Bahrain und der Sport: „Das Land versucht Menschenrechtsverletzungen zu kaschieren“

Bahrain scheint es in puncto Menschenrechtsverletzungen also seinen nahegelegenen Golfnachbarn gleichzutun. Parallelen gibt es zudem in der Außenpolitik des Wüstenstaates. „Bahrain ist derzeit von Korruption und Vetternwirtschaft geprägt und versucht seine Menschenrechtsverletzungen durch Sportswashing zu kaschieren“, meint Farag. Unter Sportswashing versteht man die Strategie, sein Image mit dem Ausrichten von Sportveranstaltungen aufzupolieren. Ein beliebtes Instrument im außenpolitischen Repertoire der Wüstenstaaten. Bahrain nutzt dazu etwa das jährlich stattfindende Formel-1-Rennen.

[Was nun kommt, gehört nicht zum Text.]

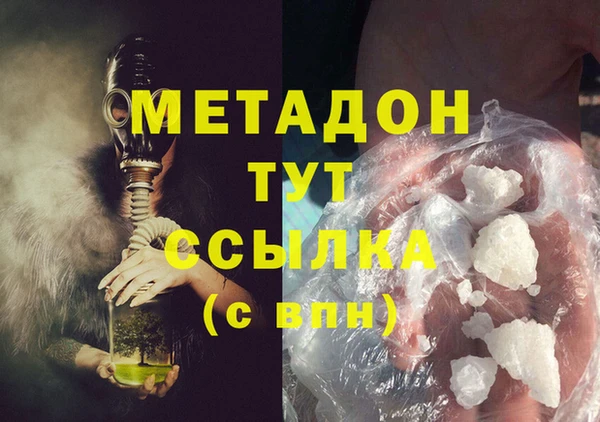 стаф Баксан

Vor dem jüngsten Rennen im März richteten insgesamt 90 Politiker aus Europa einen Brief an Mohammed Ben Sulayem, den Präsidenten des Welt-Automobilverbandes FIA. In dem Schreiben, das Merkur.de vorliegt, rufen sie die Formel 1 dazu auf, sich von den Menschenrechtsverletzungen in Bahrain zu distanzieren. „Wir sind besorgt darüber, dass die FIA und die Formel 1 aktiv das Sportswashing fördern.“ Mit unterzeichnet hat den Brief neben Keller und Köster auch der Linke-Politiker Andrej Hunko.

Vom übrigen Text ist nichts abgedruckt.